Must-reads – and not just because I agree with them. The Economist’s sober devastation of much of what this president has done domestically (along with sober praise of some of the big and important decisions Bush has gotten right) is very well done. So is my old friend Niall Ferguson’s piece in the Wall Street Journal. I think it’s close to unarguable that a Bush second term, regrdless of whether you believe it would be good for the country, would be terrible for conservatism as a coherent political philosophy. You can only admire David Brooks for trying to find a sliver of coherence here, but the reality of what Bush has done and what he is likely to do has already made a mockery of conservatism as a governing ideology. It will take a period in opposition to put it back together.
OLASKY’S BIGOTRY: What to make of the following sentences in Marvin Olasky’s latest column about John Kerry’s, George W. Bush’s and Marvin Olasky’s Vietnam experiences:
“The other thing both [Bush and I] can and do say is that we did not save ourselves: God alone saves sinners (and I can surely add, of whom I was the worst). Being born again, we don’t have to justify ourselves. Being saved, we don’t have to be saviors. John Kerry, once-born, has no such spiritual support, nor do most of his top admirers in the heavily secularized Democratic Party.”

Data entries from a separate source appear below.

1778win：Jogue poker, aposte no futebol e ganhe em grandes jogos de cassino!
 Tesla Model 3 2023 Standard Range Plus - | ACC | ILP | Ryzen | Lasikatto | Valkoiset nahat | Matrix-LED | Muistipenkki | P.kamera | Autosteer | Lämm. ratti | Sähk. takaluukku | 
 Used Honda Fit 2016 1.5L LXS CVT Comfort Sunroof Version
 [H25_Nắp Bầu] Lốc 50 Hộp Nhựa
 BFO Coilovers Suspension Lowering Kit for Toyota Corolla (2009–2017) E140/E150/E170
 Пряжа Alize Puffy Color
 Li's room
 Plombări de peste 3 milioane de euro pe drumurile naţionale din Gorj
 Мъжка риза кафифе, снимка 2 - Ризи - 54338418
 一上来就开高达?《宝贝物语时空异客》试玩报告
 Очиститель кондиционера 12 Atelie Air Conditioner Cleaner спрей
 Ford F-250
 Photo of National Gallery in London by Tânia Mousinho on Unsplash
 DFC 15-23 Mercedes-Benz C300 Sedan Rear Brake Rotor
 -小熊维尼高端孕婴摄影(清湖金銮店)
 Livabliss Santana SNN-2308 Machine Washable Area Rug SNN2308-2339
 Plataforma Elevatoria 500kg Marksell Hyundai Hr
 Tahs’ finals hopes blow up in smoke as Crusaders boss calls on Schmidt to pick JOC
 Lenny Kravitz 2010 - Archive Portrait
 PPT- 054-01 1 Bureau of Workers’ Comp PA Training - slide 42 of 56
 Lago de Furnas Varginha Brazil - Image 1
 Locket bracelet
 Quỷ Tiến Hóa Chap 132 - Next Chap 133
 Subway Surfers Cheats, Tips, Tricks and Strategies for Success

You will note the term “once-born.” That means that the moral authority achieved by “born-again” evangelicals is unavailable to Catholics like Kerry, or indeed anyone outside the boundaries of fundamentalist Christianity. Hence Bush’s extraordinary ability to draw a line behind all his wasted, irresponsible years, and his current piety. Hence, according to Olasky, Kerry’s inability to question himself or his past. This is an almost seventeenth century piece of public sectarianism and anti-Catholic bigotry. But it’s now the Republican mainstream. (Hat tip: Josh.)